$\text { Let } u_{n}(x)=\frac{1}{n^{2}} e^{-n^{2} x^{2}}, x \in \mathbb{R}$
(i) Calculate Var $u_{n}$
(ii) Let $u(x):=\sum_{n=1}^{\infty} u_{n}(x), x \in \mathbb{R} .$ Prove that $u \in B P V(\mathbb{R})$
(iii) Prove that $\sum_{n=1}^{\infty} u_{n}^{\prime}(x)$ does not converge uniformly in $[-1,1]$
(iv) Find a formula for $u^{\prime}$.
Well,I have solved (i) (ii).
For (iv),Since $\sum_{n=1}^{\infty} u_{n}^{\prime}(x)$ does not converge uniformly in $[-1,1]$,So we can't use term by term differential theorem .OTOH, we observe that $u(x)$ is monotonous in $[-\infty,0],[0,+\infty]$,So we can use Fubini term by term differential theorem(see https://en.wikipedia.org/wiki/Fubini%27s_theorem_on_differentiation) in $[-n,1-n],[n-1,n]$,Then we obtain that $u^{\prime}=\sum_{n=1}^{\infty} u_{n}^{\prime}(x) $ a.e. in $\mathbb{R}$.But we cannot find a formula of $u^{\prime} $for the whole real line in this way.
Can someone help me solve (iii) (iv)?Thanks in advance.

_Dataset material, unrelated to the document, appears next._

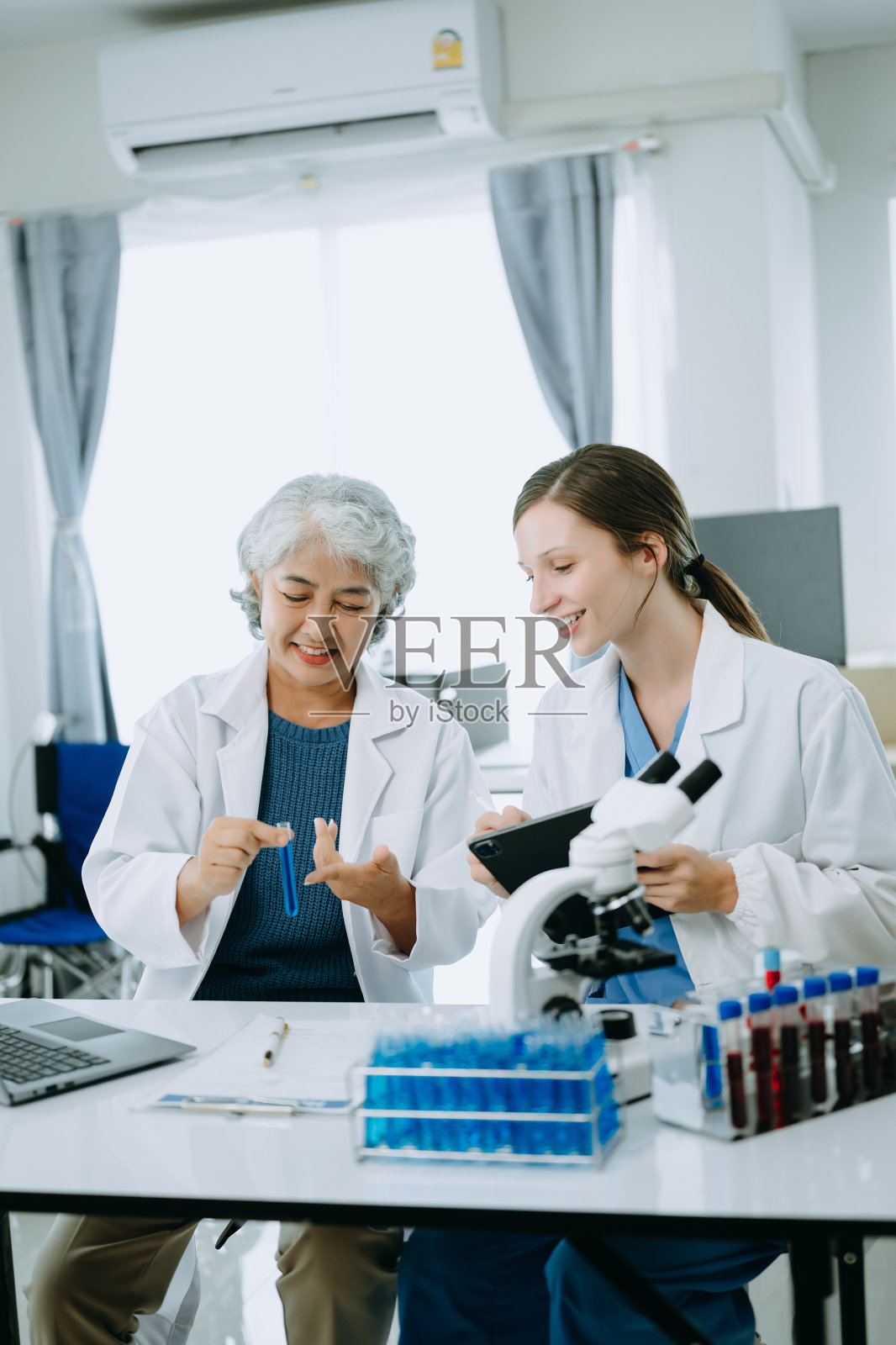 两名科学家或医疗技术人员工作，与一名亚洲高级女科学家主管在实验室进行医学讨论会议，在线阅读，测试样本和创新全球变暖，分析照片摄影图片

(iii) Note that for $x \in [0,1]$,
$$\left|\sum_{k=n+1}^\infty u_n'(x) \right| \geqslant \sum_{k=n+1}^{2n} 2xe^{-k^2x^2}\geqslant n \cdot 2xe^{-4n^2x^2},$$
and, since $\frac{1}{n} \in [0,1]$,
$$\sup_{x \in [0,1]}\left|\sum_{k=n+1}^\infty u_n'(x) \right| \geqslant n \cdot 2 \cdot \frac{1}{n}e^{-2n^2(1/n)^2}=2e^{-2}$$
Since the RHS does not converge to $0$ as $n \to \infty$ the Cauchy criterion is violated , and the series fails to converge uniformly on $[0,1]$ and, therefore, on $[-1,1]$.